HyperNeRF: Three-Dimensional Models from Moving Camera Images

Here is the paper, “A Higher-Dimensional Representation for Topologically Varying Neural Radiance Fields”. The abstract is as follows.

Neural Radiance Fields (NeRF) are able to reconstruct scenes with unprecedented fidelity, and various recent works have extended NeRF to handle dynamic scenes. A common approach to reconstruct such non-rigid scenes is through the use of a learned deformation field mapping from coordinates in each input image into a canonical template coordinate space. However, these deformation-based approaches struggle to model changes in topology, as topological changes require a discontinuity in the deformation field, but these deformation fields are necessarily continuous.
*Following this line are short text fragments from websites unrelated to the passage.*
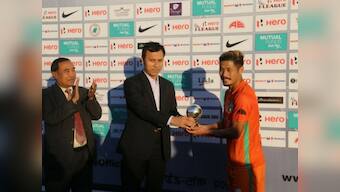 I-League 2017-18: Singam Subash Singh's brace helps Neroca FC beat Indian Arrows to move to 2nd in table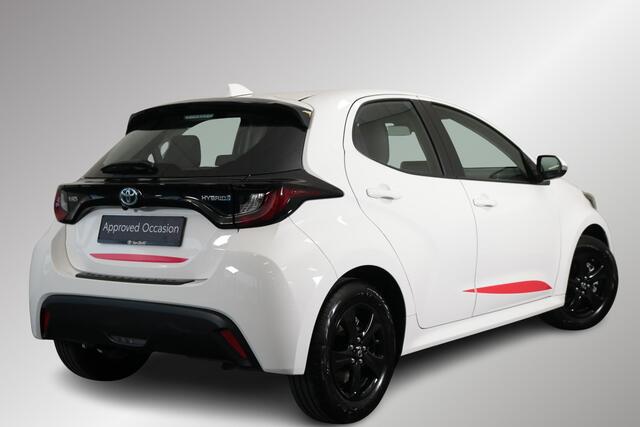 Toyota YARIS 1.5 Hybrid Active, LM velgen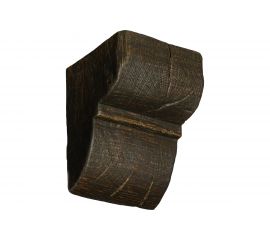 Консоль для балки Cosca Decor 90x60 мм, венге СПБ029110 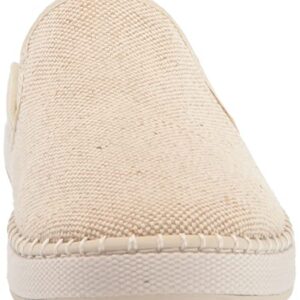 UGG Women's DELU Sneaker, Natural, 8.5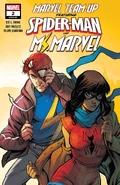 Marvel Team-Up Vol 4 (2019) 6 issues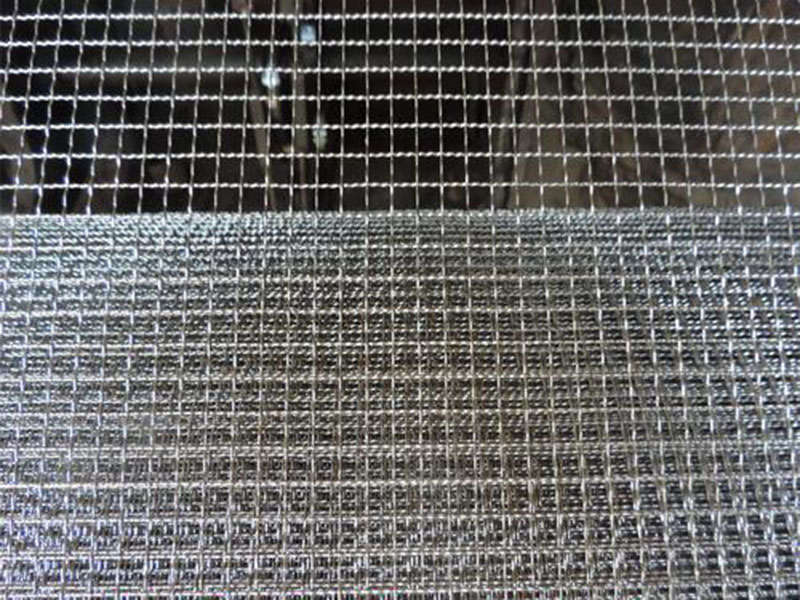 靖邊縣304不銹鋼軋花網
We address this limitation by lifting NeRFs into a higher dimensional space, and by representing the 5D radiance field corresponding to each individual input image as a slice through this “hyper-space”. Our method is inspired by level set methods, which model the evolution of surfaces as slices through a higher dimensional surface. We evaluate our method on two tasks: (i) interpolating smoothly between “moments”, i.e., configurations of the scene, seen in the input images while maintaining visual plausibility, and (ii) novel-view synthesis at fixed moments. We show that our method, which we dub HyperNeRF, outperforms existing methods on both tasks. Compared to Nerfies, “HyperNeRF” reduces average error rates by 4.1% for interpolation and 8.6% for novel-view synthesis, as measured by LPIPS.
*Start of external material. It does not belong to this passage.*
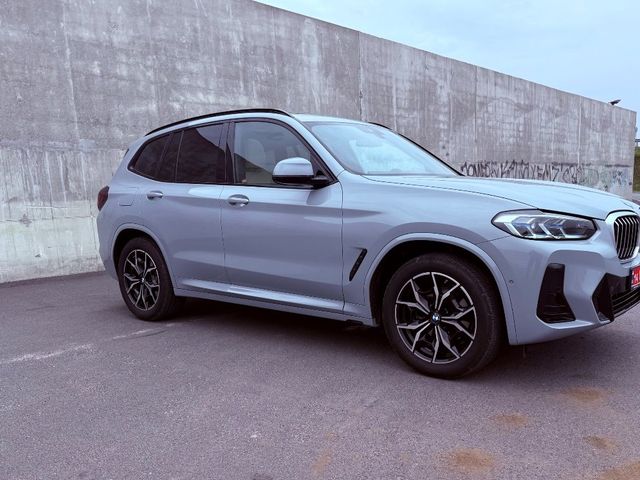 BMW X3 - фото 3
Python source code is available on GitHub.

Here is the video that accompanied the paper.


Back in the stone age of electron microscopy - around 1972 - I was examining thin sections of the superior oblique muscle of the newborn rat in the electron microscope. The result was two-dimensional images. We were trying to figure out the sub-cellular three-dimensional architecture of the muscle cells. Now, in normal microscopy, one could pretty easily make serial sections through a tissue or organ and reconstruct three-dimensions at that much larger level. Doing so with serial sections through such ultra thin sections through a single or a few cells was quite difficult.

What I recall is that there were, even then, mathematical models which allowed us to calculate the volume of sub-cellular, two-dimensional images of organelles by applying formulas. At the time, this was the best we could do. Maybe this is a descendant of that early work. I don’t remember the details.